Calabria judaica ~ Sud ebraico
Storia, cultura e attualità ebraiche in Calabria
con uno sguardo al futuro e a tutto il Meridione

Secondo una leggenda, che attesta l'antica frequentazione orientale della nostra regione, Reggio fu fondata da Aschenez, pronipote di Noé.
La sinagoga del IV secolo, ricca di mosaici, di Bova Marina, è la più antica in Occidente dopo quella di Ostia Antica; a Reggio fu stampata la prima opera in ebraico con indicazione di data, il commento di Rashì alla Torah; Chayim Vital haQalavrezì, il calabrese, fu grande studioso di kabbalah, noto anche con l'acronimo Rachu.
Nel Medioevo moltissimi furono gli ebrei che si stabilirono in Calabria, aumentando fino alla cacciata all'inizio del XVI secolo; tornarono per pochi anni, richiamati dagli abitanti oppressi dai banchieri cristiani, ma furono definitivamente cacciati nel 1541, evento che non fu estraneo alla decadenza economica della Calabria, in particolare nel settore legato alla lavorazione della seta.
Dopo l’espulsione definitiva, gli ebrei (ufficialmente) sparirono, e tornarono temporaneamente nella triste circostanza dell’internamento a Ferramonti; oggi non vi sono che isolate presenze, ma d'estate la Riviera dei Cedri si riempie di rabbini che vengono a raccogliere i frutti per la celebrazione di Sukkot (la festa delle Capanne).

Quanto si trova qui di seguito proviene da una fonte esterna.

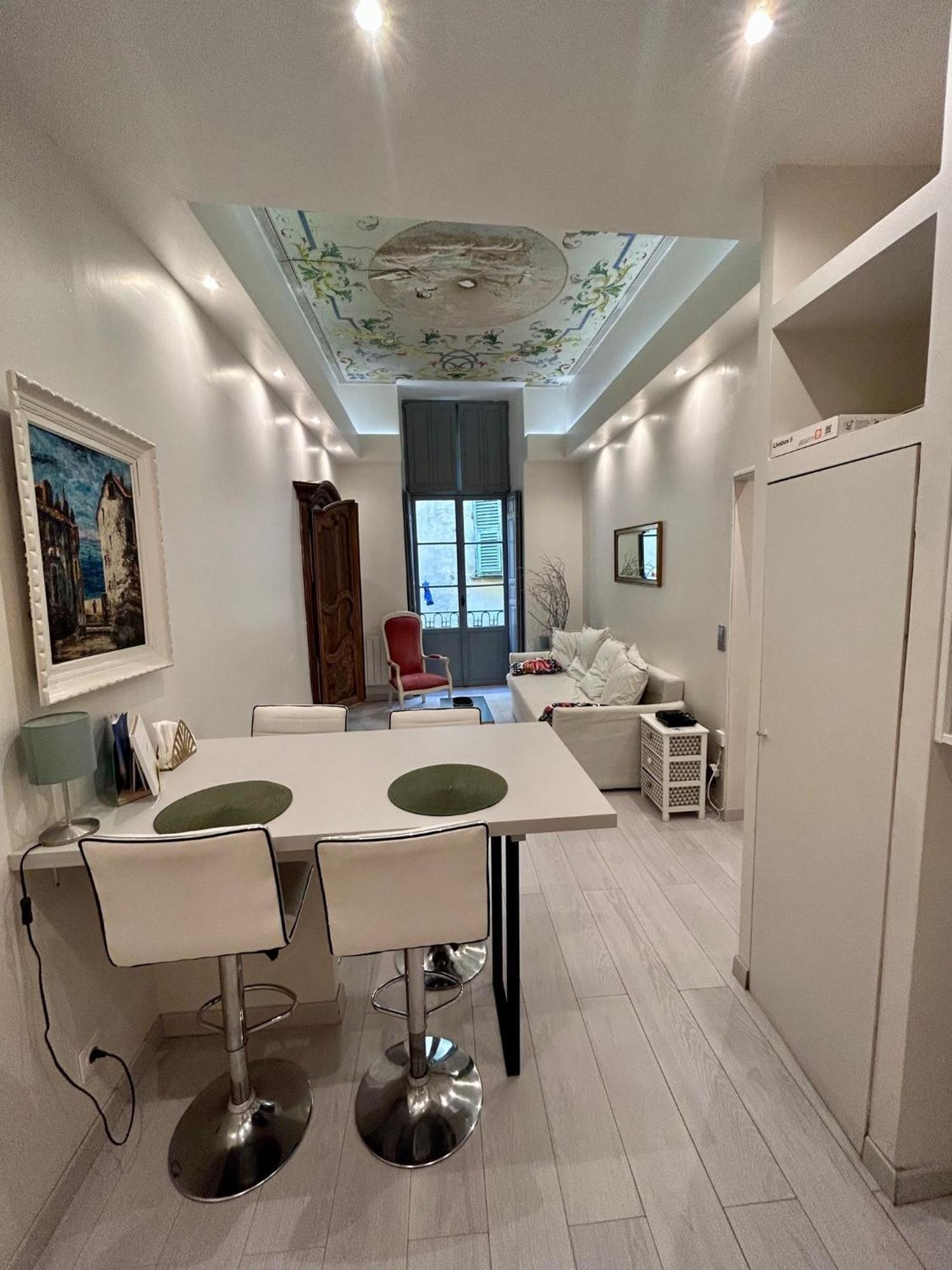 Luxury Apartment In The Heart Of Old Town Nice. 外观 照片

Questo blog è dedito in primo luogo allo studio della storia e della cultura ebraica in Calabria; a
ttraverso questo studio vuole concorrere, nei suoi limiti, alla rinascita dell'ebraismo calabrese; solidale con l'unica democrazia del Medio Oriente si propone come ponte di conoscenza e amicizia tra la nostra terra e Israele.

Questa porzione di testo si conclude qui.